■ **YOUR ASSIGNMENT**:
Wherever an image appears in the data, omit it and copy all the remaining text word for word.

■ **Records from a dataset**:

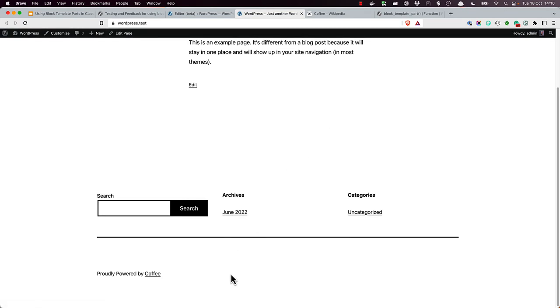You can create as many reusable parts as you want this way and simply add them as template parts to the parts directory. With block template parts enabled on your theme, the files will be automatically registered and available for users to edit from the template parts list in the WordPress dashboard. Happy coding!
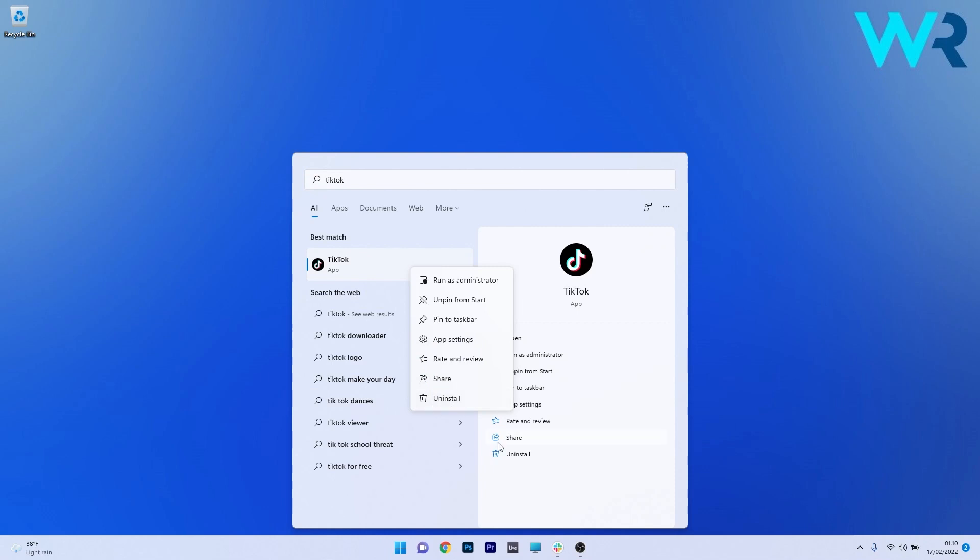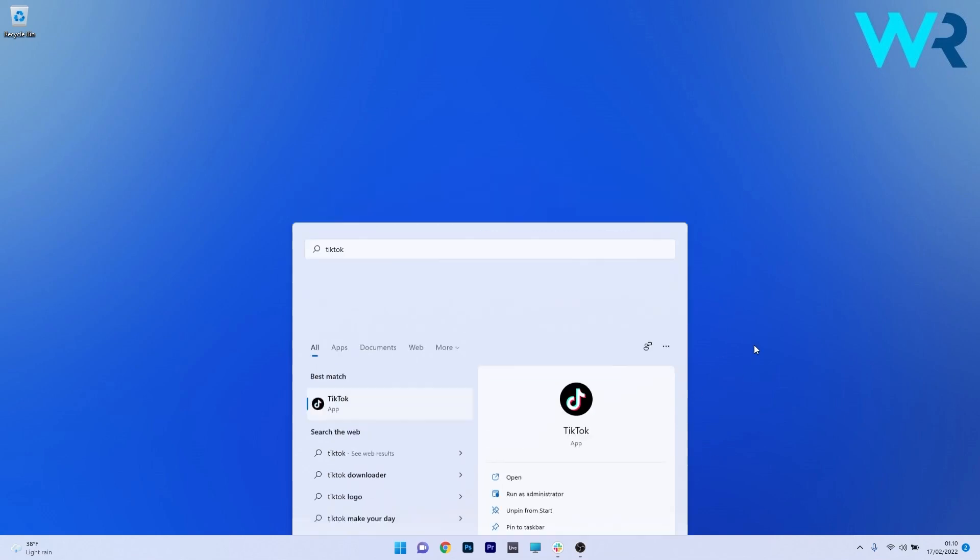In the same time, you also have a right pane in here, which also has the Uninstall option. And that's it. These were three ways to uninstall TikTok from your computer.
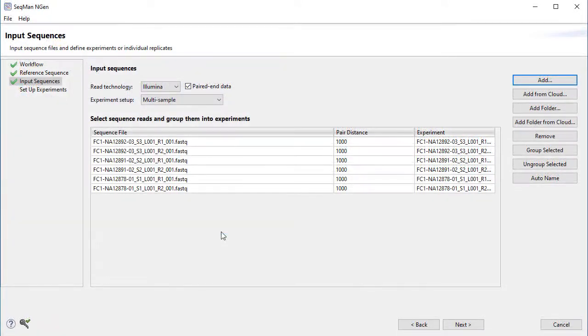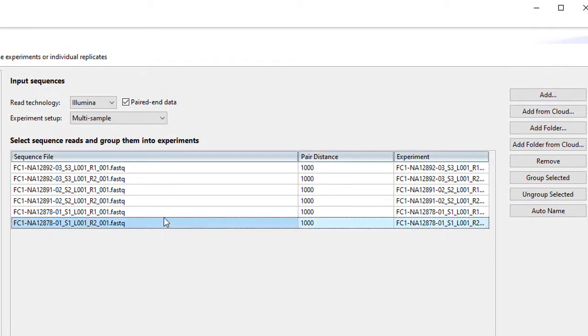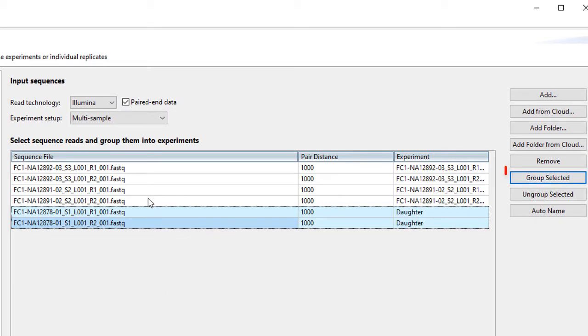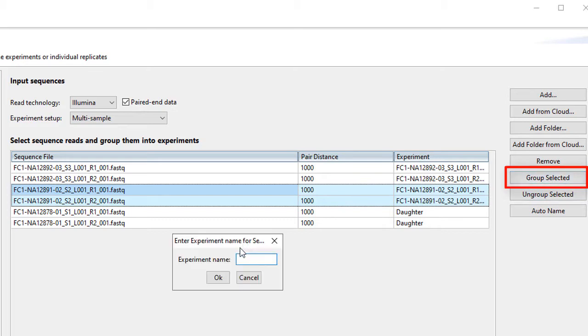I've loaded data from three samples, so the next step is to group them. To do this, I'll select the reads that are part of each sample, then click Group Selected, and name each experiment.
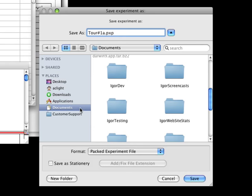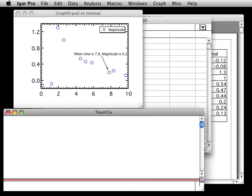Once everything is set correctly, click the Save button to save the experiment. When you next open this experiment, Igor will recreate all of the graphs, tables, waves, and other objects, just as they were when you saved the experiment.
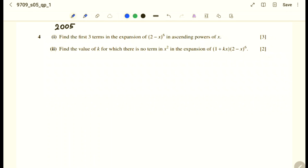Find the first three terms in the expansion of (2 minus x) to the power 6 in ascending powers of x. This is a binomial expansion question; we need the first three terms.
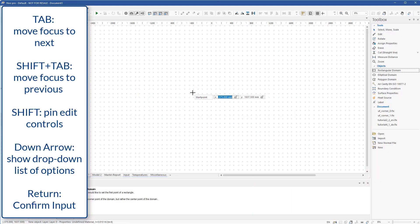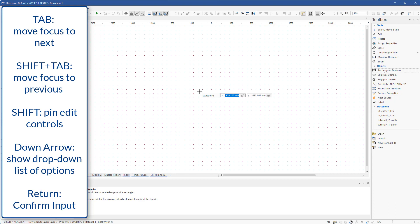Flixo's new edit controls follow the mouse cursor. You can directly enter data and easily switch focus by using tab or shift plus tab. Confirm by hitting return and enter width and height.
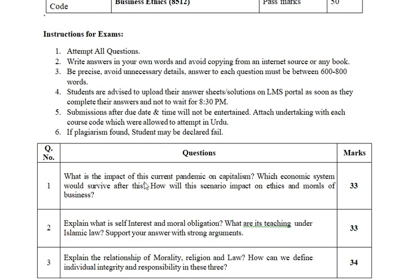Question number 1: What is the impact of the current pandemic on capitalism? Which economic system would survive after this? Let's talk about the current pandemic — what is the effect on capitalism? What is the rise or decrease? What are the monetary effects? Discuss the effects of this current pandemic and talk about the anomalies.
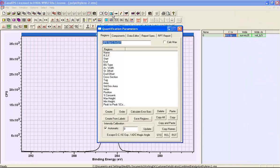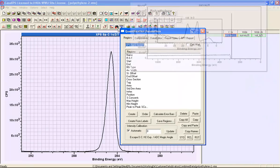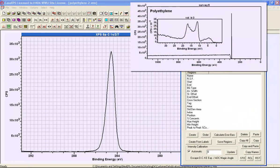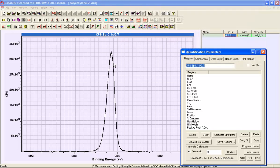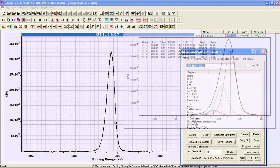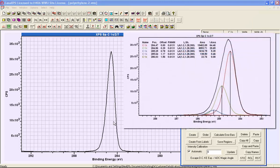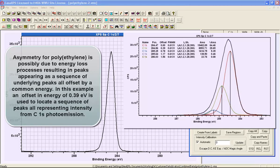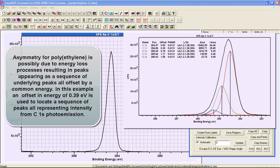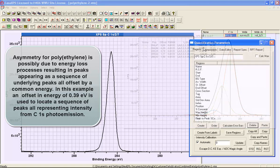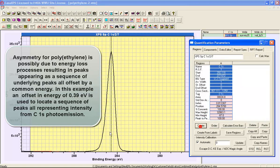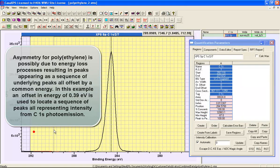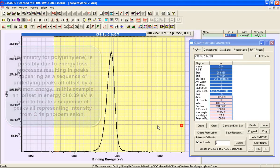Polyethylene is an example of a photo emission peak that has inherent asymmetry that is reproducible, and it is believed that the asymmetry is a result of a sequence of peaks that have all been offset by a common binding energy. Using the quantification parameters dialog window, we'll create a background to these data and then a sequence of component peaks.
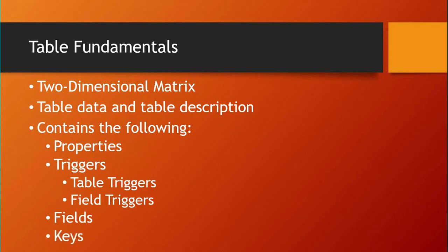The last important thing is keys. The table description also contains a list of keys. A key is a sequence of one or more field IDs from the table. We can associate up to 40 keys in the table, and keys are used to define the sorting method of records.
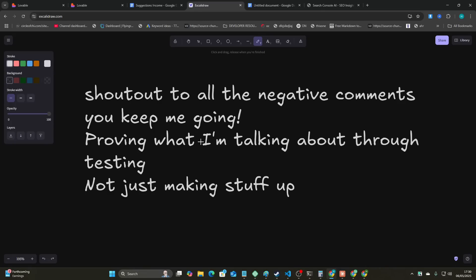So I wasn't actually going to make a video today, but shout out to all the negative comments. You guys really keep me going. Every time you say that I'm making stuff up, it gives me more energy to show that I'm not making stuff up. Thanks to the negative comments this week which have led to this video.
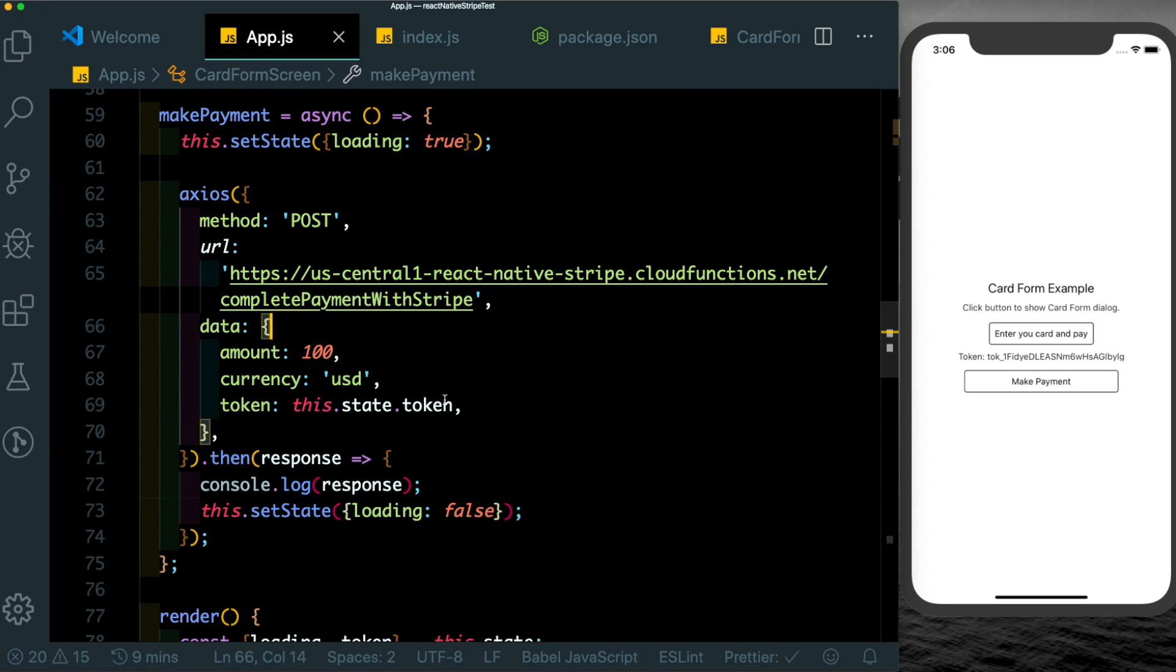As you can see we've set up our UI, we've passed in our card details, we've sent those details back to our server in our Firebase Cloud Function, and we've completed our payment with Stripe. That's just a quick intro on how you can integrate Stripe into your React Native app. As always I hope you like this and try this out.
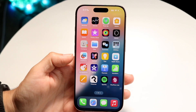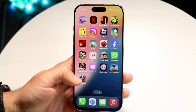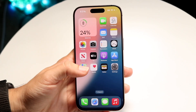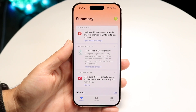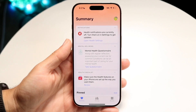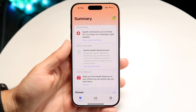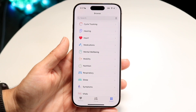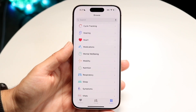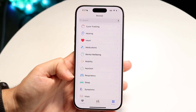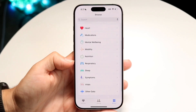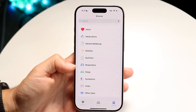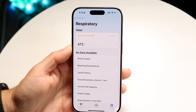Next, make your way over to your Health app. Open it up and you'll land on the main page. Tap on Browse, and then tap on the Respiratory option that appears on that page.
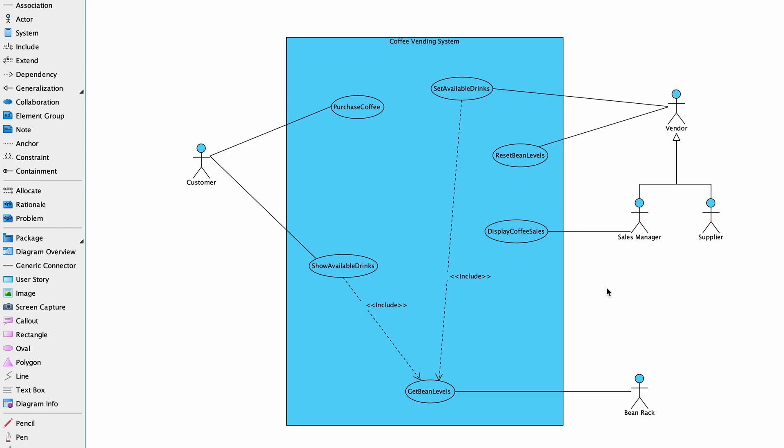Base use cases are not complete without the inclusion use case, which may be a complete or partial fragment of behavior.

■ **WRITTEN RESPONSE**:
You can create as many reusable parts as you want this way and simply add them as template parts to the parts directory. With block template parts enabled on your theme, the files will be automatically registered and available for users to edit from the template parts list in the WordPress dashboard. Happy coding!
In the same time, you also have a right pane in here, which also has the Uninstall option. And that's it. These were three ways to uninstall TikTok from your computer.
I've loaded data from three samples, so the next step is to group them. To do this, I'll select the reads that are part of each sample, then click Group Selected, and name each experiment.
Once everything is set correctly, click the Save button to save the experiment. When you next open this experiment, Igor will recreate all of the graphs, tables, waves, and other objects, just as they were when you saved the experiment.
Find the first three terms in the expansion of (2 minus x) to the power 6 in ascending powers of x. This is a binomial expansion question; we need the first three terms.
Flixo's new edit controls follow the mouse cursor. You can directly enter data and easily switch focus by using tab or shift plus tab. Confirm by hitting return and enter width and height.
Question number 1: What is the impact of the current pandemic on capitalism? Which economic system would survive after this? Let's talk about the current pandemic — what is the effect on capitalism? What is the rise or decrease? What are the monetary effects? Discuss the effects of this current pandemic and talk about the anomalies.
Polyethylene is an example of a photo emission peak that has inherent asymmetry that is reproducible, and it is believed that the asymmetry is a result of a sequence of peaks that have all been offset by a common binding energy. Using the quantification parameters dialog window, we'll create a background to these data and then a sequence of component peaks.
The last important thing is keys. The table description also contains a list of keys. A key is a sequence of one or more field IDs from the table. We can associate up to 40 keys in the table, and keys are used to define the sorting method of records.
So I wasn't actually going to make a video today, but shout out to all the negative comments. You guys really keep me going. Every time you say that I'm making stuff up, it gives me more energy to show that I'm not making stuff up. Thanks to the negative comments this week which have led to this video.
As you can see we've set up our UI, we've passed in our card details, we've sent those details back to our server in our Firebase Cloud Function, and we've completed our payment with Stripe. That's just a quick intro on how you can integrate Stripe into your React Native app. As always I hope you like this and try this out.
Next, make your way over to your Health app. Open it up and you'll land on the main page. Tap on Browse, and then tap on the Respiratory option that appears on that page.
Base use cases are not complete without the inclusion use case, which may be a complete or partial fragment of behavior.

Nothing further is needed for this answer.